## Your goal
Leave every image out, and return the rest of the data word for word.

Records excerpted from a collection
========================
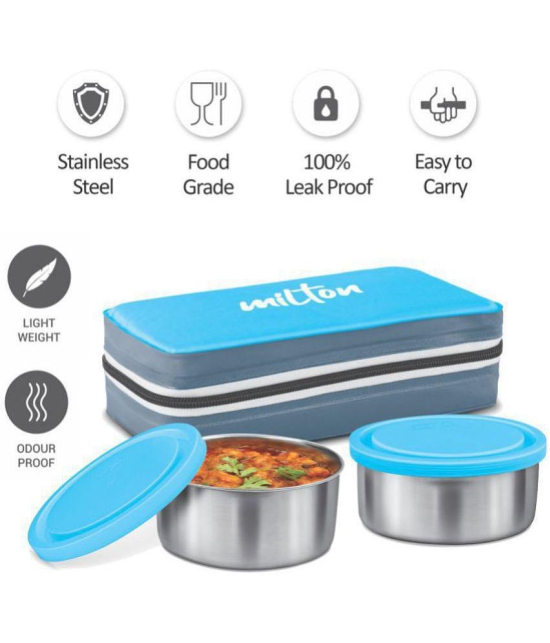 MILTON New Mini Lunch Insulated Tiffin Set of 2 (280 ml Each) with Jacket Cyan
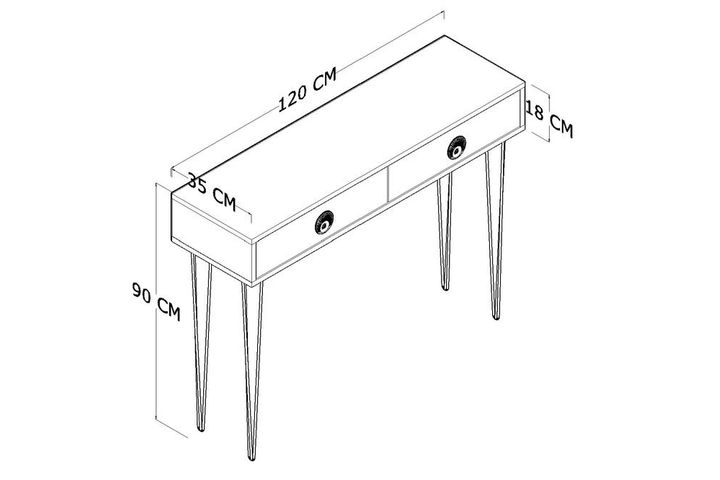 Nysa Consoletafel met 2 Lades, Antraciet & Goud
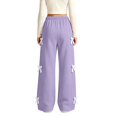 thumbnail image 6 of Girls Sweatpants with Lace Bow Elastic Waist Cute Casual Baggy Kids Wide Leg Pants Purple 10, 6 of 7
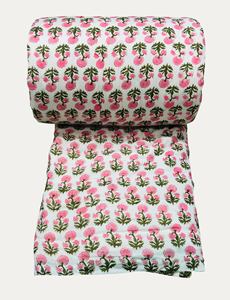 Handmade Block Print Cotton <b>Quilt</b> Floral Pattern Traditional Style All Season Home Decor Reversible Durable 100% Cotton Filling - Product Image 1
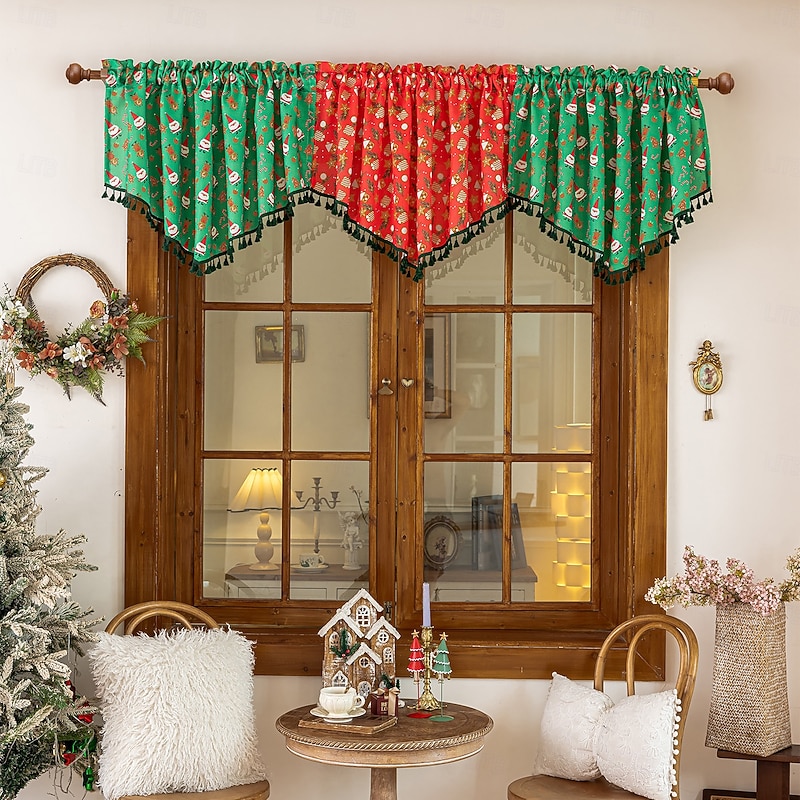 Christmas Valance Curtain with Santa Print, Holiday Window Treatment Drapes for Living Room Bedroom Decoration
========================
## Completed exercise
 MILTON New Mini Lunch Insulated Tiffin Set of 2 (280 ml Each) with Jacket Cyan
 Nysa Consoletafel met 2 Lades, Antraciet & Goud
 thumbnail image 6 of Girls Sweatpants with Lace Bow Elastic Waist Cute Casual Baggy Kids Wide Leg Pants Purple 10, 6 of 7
 Handmade Block Print Cotton <b>Quilt</b> Floral Pattern Traditional Style All Season Home Decor Reversible Durable 100% Cotton Filling - Product Image 1
 Christmas Valance Curtain with Santa Print, Holiday Window Treatment Drapes for Living Room Bedroom Decoration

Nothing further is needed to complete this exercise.